======== Supplied material

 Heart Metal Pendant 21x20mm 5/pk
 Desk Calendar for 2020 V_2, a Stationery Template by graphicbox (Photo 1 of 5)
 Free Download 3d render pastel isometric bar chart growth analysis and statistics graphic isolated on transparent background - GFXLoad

================
======== Supplied material

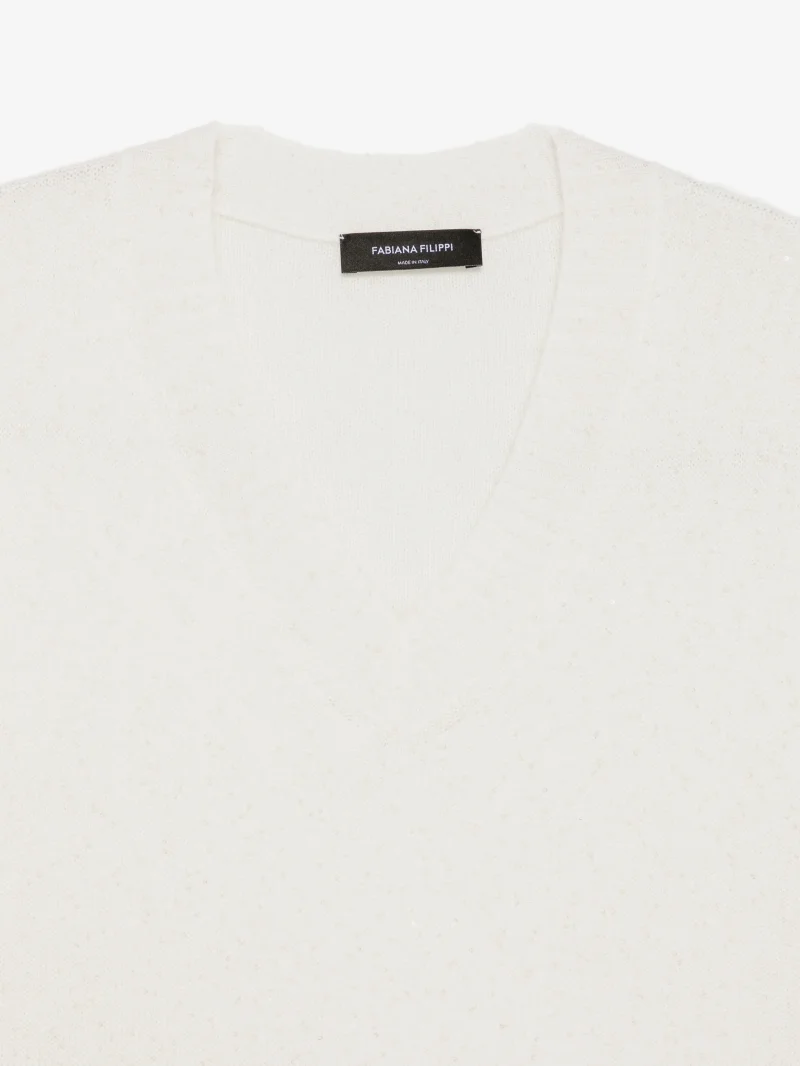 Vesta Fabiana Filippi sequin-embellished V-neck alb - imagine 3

================

*What this task involves:* The answer is the run of lines above from the line containing "Desk Calendar for" through the line containing "Free Download 3d", copied exactly and alone.

*Response box:*
 Desk Calendar for 2020 V_2, a Stationery Template by graphicbox (Photo 1 of 5)
 Free Download 3d render pastel isometric bar chart growth analysis and statistics graphic isolated on transparent background - GFXLoad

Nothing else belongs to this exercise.